Alphas like betas? I don't like anyone.

Just my two cents: I think betas creep alphas out. They're looking for approval all the time, and alphas be like: I can't fucking help you, what's your problem? Alphas get the shit done. Betas need it.
PS.I'm not very alpha, but I can imagine :)

i like you though :)

My reasoning right there.

Angry and judgmental. Typical beta asshole. Get a clue :)

I think you guys are missing the distinction between betas and submissives

What a waste of quads fuck off faggot.

this

>Angry and judgmental. Typical beta
Not angry and yet again not a beta. That would be you.

Thanks for clearing that up.

post steam id

I might be omega or delta, I'm ok with people not liking me / finding me attractive unless I really like them

I'm not even lying tho, despite some mean words you seem like a cool person. you're interesting at least

Whatever.

Alright. Fair enough

don't be grumpy, im sorry if i offended you

-_- you didn't offend me. Stop being a submissive little bitch that's what annoys me.

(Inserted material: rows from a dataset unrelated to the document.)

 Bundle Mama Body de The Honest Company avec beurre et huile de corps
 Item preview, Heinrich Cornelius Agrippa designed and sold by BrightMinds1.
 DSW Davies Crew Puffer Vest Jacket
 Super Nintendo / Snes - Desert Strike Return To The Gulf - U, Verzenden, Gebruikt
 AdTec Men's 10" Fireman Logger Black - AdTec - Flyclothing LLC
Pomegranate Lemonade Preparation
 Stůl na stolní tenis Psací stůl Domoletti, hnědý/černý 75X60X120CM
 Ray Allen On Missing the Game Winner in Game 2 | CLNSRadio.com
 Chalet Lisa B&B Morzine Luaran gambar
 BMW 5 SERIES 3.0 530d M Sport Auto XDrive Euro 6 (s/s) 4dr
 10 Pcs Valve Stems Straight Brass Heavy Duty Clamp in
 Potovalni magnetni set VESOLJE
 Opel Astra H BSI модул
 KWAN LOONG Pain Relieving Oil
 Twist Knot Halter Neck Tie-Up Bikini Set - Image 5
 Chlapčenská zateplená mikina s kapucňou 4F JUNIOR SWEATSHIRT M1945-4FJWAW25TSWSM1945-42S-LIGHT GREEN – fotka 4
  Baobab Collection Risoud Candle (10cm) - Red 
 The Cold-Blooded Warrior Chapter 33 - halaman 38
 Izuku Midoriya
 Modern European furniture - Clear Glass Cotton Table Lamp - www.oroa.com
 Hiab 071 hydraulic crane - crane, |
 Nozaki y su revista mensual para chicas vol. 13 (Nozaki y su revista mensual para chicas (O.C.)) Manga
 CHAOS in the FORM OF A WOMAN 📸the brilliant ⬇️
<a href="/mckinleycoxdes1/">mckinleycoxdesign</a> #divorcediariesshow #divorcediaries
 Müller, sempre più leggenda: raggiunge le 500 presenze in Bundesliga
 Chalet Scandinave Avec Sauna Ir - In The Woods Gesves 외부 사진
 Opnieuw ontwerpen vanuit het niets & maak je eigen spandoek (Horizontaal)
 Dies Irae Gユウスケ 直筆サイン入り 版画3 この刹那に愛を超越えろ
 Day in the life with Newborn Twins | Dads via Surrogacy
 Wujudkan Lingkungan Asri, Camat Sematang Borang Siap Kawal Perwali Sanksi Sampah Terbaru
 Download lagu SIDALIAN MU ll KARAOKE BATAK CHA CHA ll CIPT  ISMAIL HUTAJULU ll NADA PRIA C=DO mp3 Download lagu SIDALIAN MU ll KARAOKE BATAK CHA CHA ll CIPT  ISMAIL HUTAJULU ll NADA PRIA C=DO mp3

its just who i am though. and im not a whimp or anything i just like making people happy! i dont mean to annoy you

here's what I think

beats: no self confidence, will follow despite reservations, do not enjoy it

submissives: more confidence (although not alpha/dom levels), follow because theyd rather follow than lead, willing to stand up for themselves if necessary

at least this is how I feel

>hoped it was a pretty feminine sub boy
>turns out roastie
you catfished me OP
i'll get back at you one day!

>i just like making people happy!
Why??

how did i cat fish you? im 5'0 100 pounds and im a boy

cause its fun i guess

>5'0
kek, no wonder you're submissive
are you feminine lil nigga?

How is making people happy fun?? I'm the opposite. Making people fear me is fun.

I like that explanation. Submissive+beta would be pretty bad. Only sadist would take them on.

im feminine yeah, but im white

I just do what im told, i really dont want to get into a fight

"Making people fear me is fun" Why?? back at ya

I just want to be a mugi-level submissive

do you have a round thick butt?

yeah its pretty girly

I don't fucking know. I'm also kind of a sadist and blood and gore never really phaze me. Edgy I know but that is just how my mind works. I think I'm polarized since my sense of morality is not the best. Sometimes I'm on a good side then I'm on a bad side. It's complicated.

>i really dont want to get into a fight
Why don't you like fighting?

This whole back and forth between you two is making me cringe.

pics?

Well if its physical I dont wanna get hurt, and if its with words i dont want my feelings to get hurt or hurt someone else's feelings

Logically or the most humanly evolved would be to derive pleasure from making people happy, right? Because you get something out of it. Not only do you get gratification from it, studies show it, but also you get reputation, business: happy costumers, happy kids and so on. Making people fear you has its place, for protecting yourself or others from threats. But to make people fear you in general who are harmless is weird I think.

I have to say, that nothing was more satisfying than turning someone dominant/sadist into submissive. There was feeling of danger and conquest. When finaly someone like that ate from your hand it was terrible sensation of superiority.

I guess it just makes me feel powerful and more dominant.

that sounds awesome but difficult to do

will need proof

:/ not a fighter huh? Your no fun. Fighting is the best. Physically fighting is the very best though. I guess its because I tough and strong guy.

It's a natural trait. Especially for men. But the question would be in what way? It could be repeating trauma or just protecting yourself from something psychologically. Or do you think people are born to certain inclinations and such?

Both

>protecting yourself or others from threats. But to make people fear you in general who are harmless is weird I think.
It's just a sense of superiority and power.

bro im 5'0 100 lbs id lose a physical fight in less than a second

>trauma
This probably.

Then work out? What's keeping you from trying?

i dont wanna, i like the way i am

So then what happens if you're forced into a fight?